Deux lectures sont possibles, monsieur le secrétaire d'État.
Première lecture possible, l’expression « le cas échéant » signifierait que, s’il en fait la demande, le salarié privé d’emploi peut bénéficier d’un projet de formation. Si tel est le cas, je dois dire que la rédaction proposée est malvenue et qu’elle crée une ambiguïté qui desservira les demandeurs d’emploi. Il aurait été alors plus logique de recourir à une autre formulation, qui aurait pu être la suivante : « Si le demandeur d’emploi en fait la demande ».
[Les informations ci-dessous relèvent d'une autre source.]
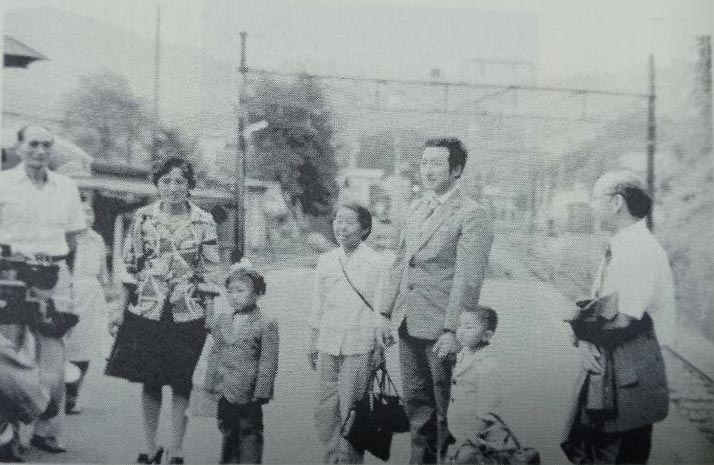La mujer que visitaba su propia tumba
Seconde lecture possible – et c’est ce que nous redoutons –, la formation ne serait qu’une option dont le déclenchement serait incertain, en quelque sorte conditionné par l’on ne sait quels facteurs.
On avait pourtant cru comprendre, à la lecture de ce projet de loi, que ce dernier visait à garantir aux demandeurs d’emploi certains droits. Vous en conviendrez, la formation professionnelle devrait être l’un de ceux-ci. Chacun des orateurs qui se sont succédé à la tribune lors de la discussion générale l’a dit : la formation est un droit pour les demandeurs d’emploi.
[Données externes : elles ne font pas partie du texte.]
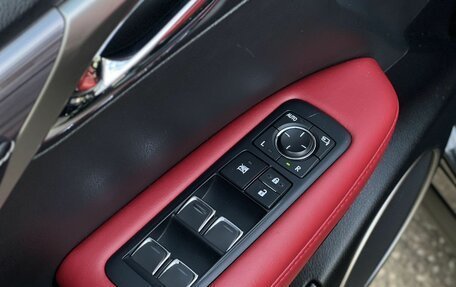 Lexus RX IV рестайлинг, 2019 год, 3 650 000 рублей, 10 фотография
Or, depuis quelques mois, le Gouvernement et sa majorité ne cessent d’attaquer la formation professionnelle, à l’exemple de MM. Carle et Seillier, qui la mettent quelque peu à mal dans leur rapport.
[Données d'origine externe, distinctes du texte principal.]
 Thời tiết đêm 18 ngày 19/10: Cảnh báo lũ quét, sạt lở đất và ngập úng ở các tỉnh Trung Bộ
Certes, je partage l’analyse, à laquelle tous se sont livrés, selon laquelle la formation professionnelle ne bénéficie pas à l’ensemble des salariés, particulièrement aux ouvriers et à celles et à ceux qui en auraient le plus besoin. Trop souvent, elle est considérée par le patronat comme un coût pour l’entreprise plutôt que comme un investissement.
Raisonner ainsi, c’est faire fi du besoin proprement humain de progresser, mais aussi des besoins structurels d’évolution des entreprises.
Le monde change, les techniques évoluent. Comment pourrait-il en être autrement ?
Il faut donc que les employeurs conçoivent la formation professionnelle comme un outil de développement et de perfection, plus que comme une charge. Mais cela est rarement le cas, et l’inversion tragique de la répartition entre capital et investissement ne manque pas d’affecter la formation professionnelle.
Le Gouvernement tire donc toutes les conséquences des critiques formulées par le MEDEF à cet égard et impose aujourd’hui aux demandeurs d’emploi ce qu’il compte exiger demain de l’ensemble des travailleurs. C’est en quelque sorte un ballon d’essai, à ceci près que, ce faisant, vous jouez contre votre camp.
Nous savons pertinemment que le Gouvernement se désengagera de toute sa responsabilité, et cela aura pour conséquence de s’en remettre aux négociations de branches, rompant ainsi avec le principe de solidarité et d’égalité de tous les travailleurs. Vous aurez alors tout loisir, comme pour les 35 heures, de jouer l’opposition des salariés entre eux : diviser, pour mieux régner !
Mais derrière tout cela se cache une obsession : en finir enfin et durablement avec l’obligation qui pèse aujourd’hui sur les employeurs de participer à la formation des salariés. Votre proposition d’instituer des droits mutables ou portatifs aurait pu être un avantage. Elle se révèle en fait comme une étape de plus dans la responsabilisation des employeurs qui entendent bien en profiter pour diminuer considérablement leur participation financière.
Je tiens à renouveler notre opposition au transfert des personnels de l’AFPA vers la nouvelle institution, véritable prélude à un démantèlement de l’Agence.
Pour toutes ces raisons, nous vous invitons à voter notre amendement.